- YOUR TASK -
Could you output each record below exactly as it stands and leave the pictures out?

╭─ SOURCE INFORMATION

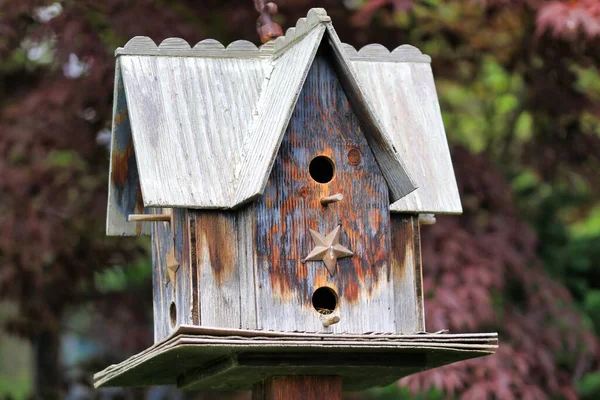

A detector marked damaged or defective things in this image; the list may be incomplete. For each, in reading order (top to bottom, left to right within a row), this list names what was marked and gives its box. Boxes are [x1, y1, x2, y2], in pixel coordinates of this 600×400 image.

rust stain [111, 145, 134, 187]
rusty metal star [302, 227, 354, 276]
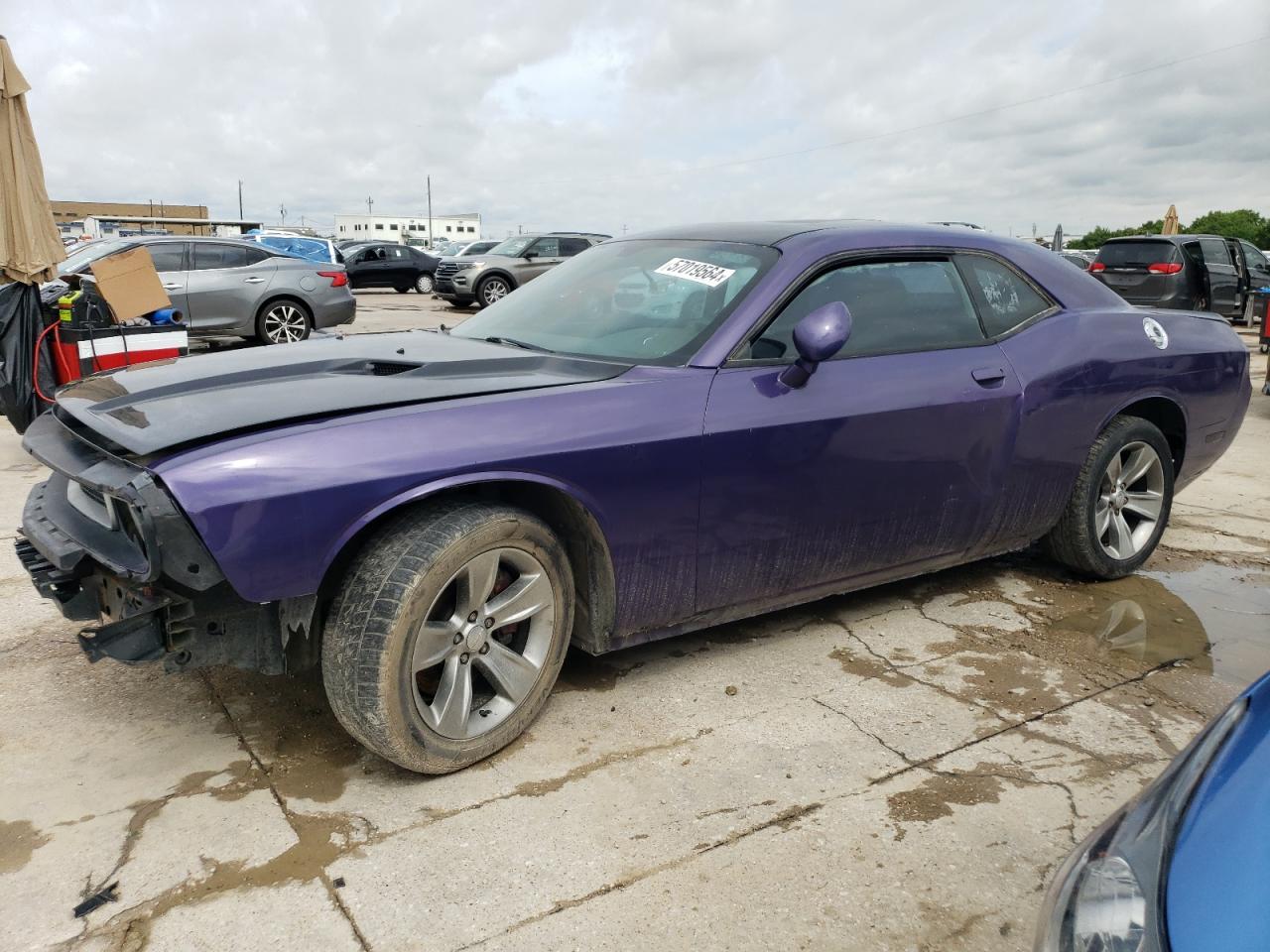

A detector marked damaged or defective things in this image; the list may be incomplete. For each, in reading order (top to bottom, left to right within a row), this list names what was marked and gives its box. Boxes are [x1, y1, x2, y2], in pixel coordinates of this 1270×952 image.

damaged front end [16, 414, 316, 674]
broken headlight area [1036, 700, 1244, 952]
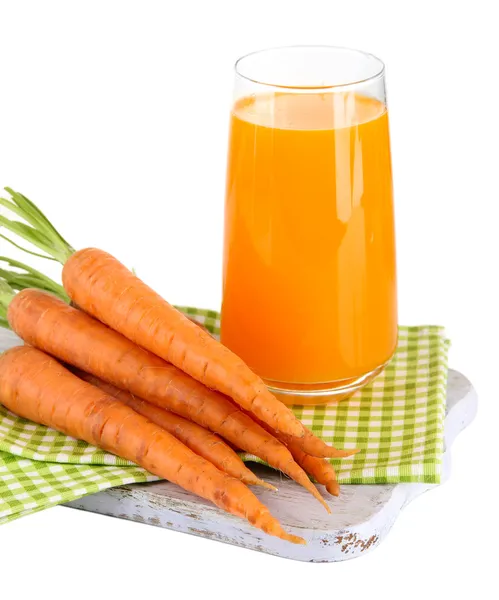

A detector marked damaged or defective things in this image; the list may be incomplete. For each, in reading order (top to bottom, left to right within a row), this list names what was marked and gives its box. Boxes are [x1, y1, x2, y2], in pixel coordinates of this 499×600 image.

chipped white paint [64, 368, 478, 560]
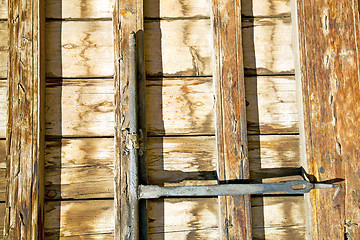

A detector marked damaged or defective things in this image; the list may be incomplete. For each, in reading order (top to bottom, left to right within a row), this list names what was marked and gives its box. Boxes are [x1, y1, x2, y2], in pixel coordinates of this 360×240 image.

╰─

- ANSWER FOR THIS EXERCISE -
A detector marked damaged or defective things in this image; the list may be incomplete. For each, in reading order (top to bottom, left to right within a row), this list names what was marked and gives its box. Boxes are [x1, y1, x2, y2], in pixel coordinates of this 600×400 image.

rust stain [111, 145, 134, 187]
rusty metal star [302, 227, 354, 276]

A detector marked damaged or defective things in this image; the list may be incomplete. For each, in reading order (top to bottom, left to right within a row), this list names what was marked and gives its box. Boxes are [x1, y1, x2, y2], in pixel coordinates of this 1270×952 image.

damaged front end [16, 414, 316, 674]
broken headlight area [1036, 700, 1244, 952]

A detector marked damaged or defective things in this image; the list may be incomplete. For each, in reading order (top to bottom, left to right within a row), this list names what was marked and gives its box. Boxes are [x1, y1, x2, y2], in pixel coordinates of this 499×600 image.

chipped white paint [64, 368, 478, 560]

A detector marked damaged or defective things in this image; the list may be incomplete. For each, in reading order (top to bottom, left to right within a row), this list names what was marked and gives its box. Boxes are [x1, y1, x2, y2], in pixel coordinates of this 360×240 image.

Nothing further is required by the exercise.